The Press of Colorado Springs
By Isaac N. Stevens
Editor of the Colorado Springs Gazette
Aug. 4th 1901

For several years past the old fashioned newspaper, characterized by elegance of literary style and diction, commended for its accuracy of statement and freedom from offensive personality has been at a discount in various sections of the United States. In its place has grown up what we now call "Yellow Journalism," - newspapers which abound in sensational articles, most of which are far from truthful, striking illustrations in colors of the weaknesses and failings and foibles of human nature and editorials which appeal to the sordidness of the people in attempts to control their actions. The "Yellow Journal" has had a long era of prosperity, covering a period of ten years, but clearly to its entire destruction and elimination from our daily life.
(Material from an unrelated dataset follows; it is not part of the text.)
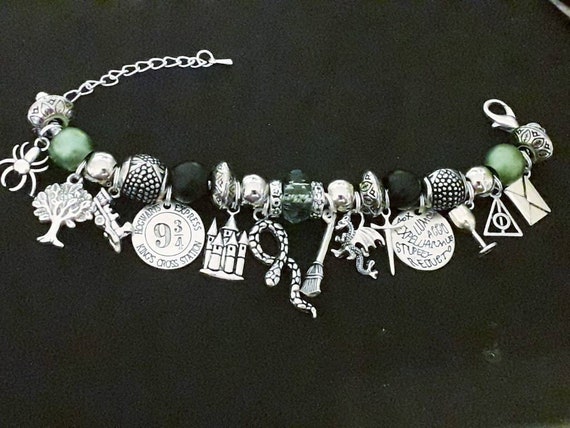 Harry Potter Inspired Adults Snake Chain 31 Charms Bracelet Mischief Managed Unique Fan Gift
The sentiment of the best people, the enlightenment of the day, the refinement of the country are all combined for the destruction of the "Yellow Journal" and two years will not see one printed in the United States.

This city has ever been the home of culture and the "Yellow Journal" has never gained a very strong foot-hold in our midst. Yet a persistent effort has been made for the past five years to establish a local evening paper of that character. Fortunately such efforts have not been successful and the attempt will undoubtedly be abandoned in the near future.

For thirty years the Colorado Springs Gazette has been the recognized newspaper leader in Colorado along the lines of clean, decent, conservative, progressive and able journalism. It was founded as such a newspaper and so strong has the character of its founder and editor, Mr. B.W. Steele, and so faithfully and ably did he do his work for the thirteen years he issued it, which was until his death, that it grounded itself into the confidence of the people of the entire state, and it has grown in favor every day since then because its policy has been one of attempts to build up instead of efforts to destroy; to report events, speeches, sayings and other matter of a news nature exactly as they occur; to do no injustice to any man, woman or child and to always and immediately rectify mistakes where they occur. In political matters the Gazette is Republican but never so partisan as to abuse any person for their political opinions or to misrepresent them. We believe in argument, not personalities. We have just now many corrupt men in positions of trust in party management and otherwise in the Republican party in Colorado, and the Gazette does not hesitate to denounce such men. Good government is of more importance than the success of any political party and no party should succeed that either encourages or permits corrupt men or methods to dominate it.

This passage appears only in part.